As a consequence intellectuals aquired an undeserved reputation for being useful and trustworthy.

However that era is by now quite a long time ago. Clearly the period up to about 1950 was a temporary blip in the history of universities, an abberation which has now been set right: normal service (i.e. purveying nonsense and churning-out dangerously misguided savants) has been resumed since the 1960s.

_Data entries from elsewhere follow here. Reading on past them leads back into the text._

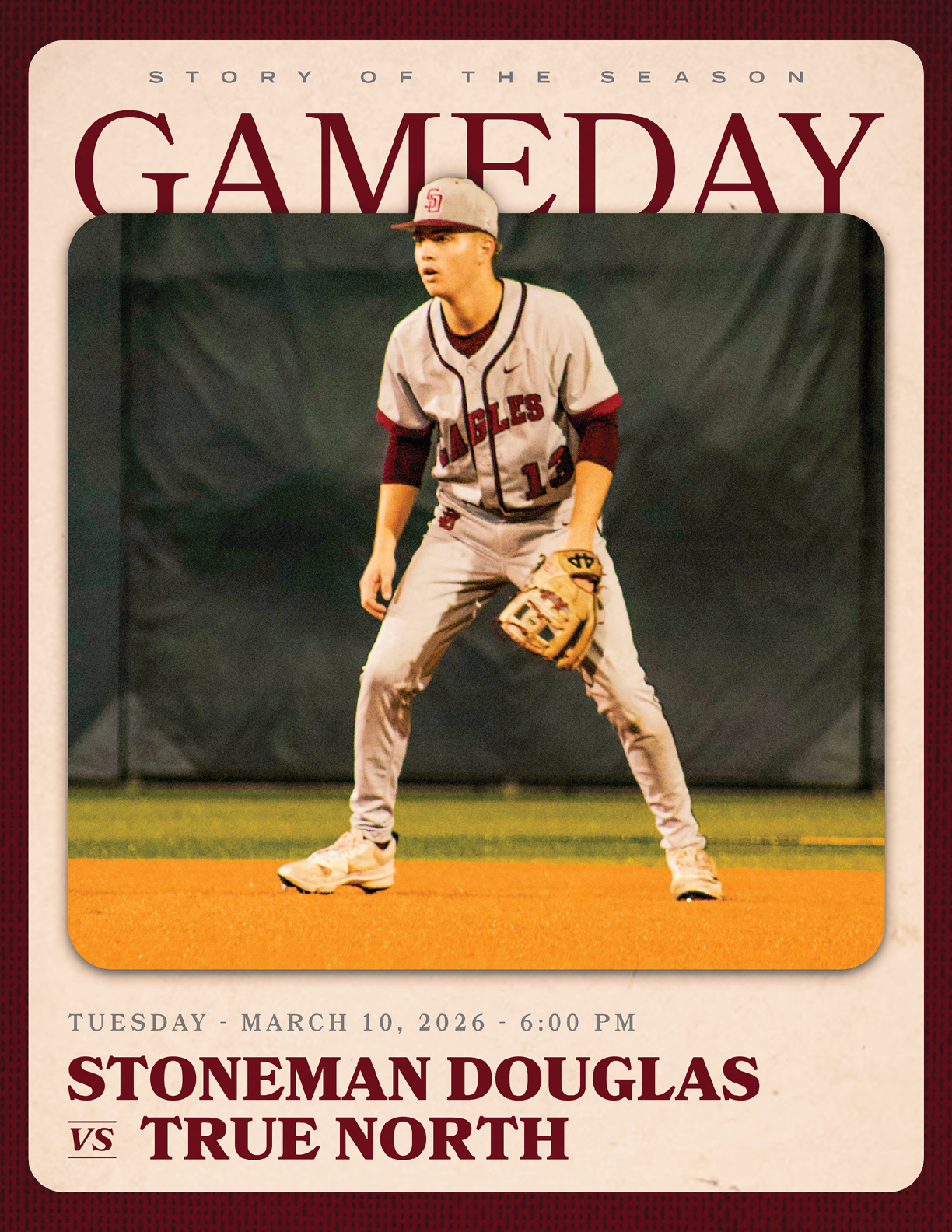 A baseball player in a grey and red uniform stands on a field. AI generated content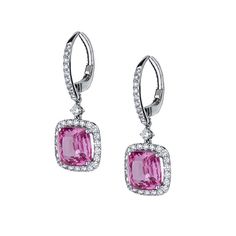 Amazing 18K white gold huggie earrings featuring drops of pink sapphire gemstones in diamond halos. Two sapphire gemstones measure to a total carat weight of 7.29 carats. The diamonds that align this gemstone measure to a total carat weight of 0.91 carats finely crafted in white gold. Luxury Pink Diamond Earrings With Accents, Pink Diamond Earrings With Accents, Gia Certified Pink Fine Jewelry Earrings, Pink Diamond Earrings With Diamond Accents, Pink Halo Setting Fine Jewelry Earrings, Fine Jewelry Pink Earrings With Halo Setting, Pink Halo Design Fine Jewelry Earrings, Pink Halo Earrings Fine Jewelry, Pink Earrings With Halo Design Fine Jewelry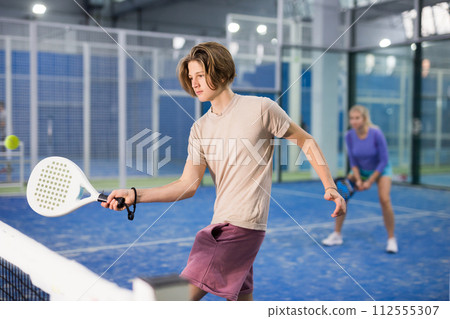 Teenage boy serving ball while playing padel in court 112555307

It is long overdue that society needs to return to its medieval attitude towards intellectuals; an attitude which regards them as (mostly) harmless maniacs, treats them with amused tolerance, keeps their prevalence down to the small number required for societal functionality - and keeps them away from power as carefully as we keep toddlers away from fireworks.

2 comments:

dearieme said...

I put it to you, m'Lud, that the appointment of Newton to run The Mint was an early example of taking an intellectual seriously, and rightly so. Of course, he was much the cleverest bloke in recorded history, so bore little resemblance to most intellectuals.

Anonymous said...

"This may be due to the limited powers of abstraction to be found in most faculty and students."

I was surprised to recently learn that professors can have IQs as low as 100! Given this, your remark is not surprising.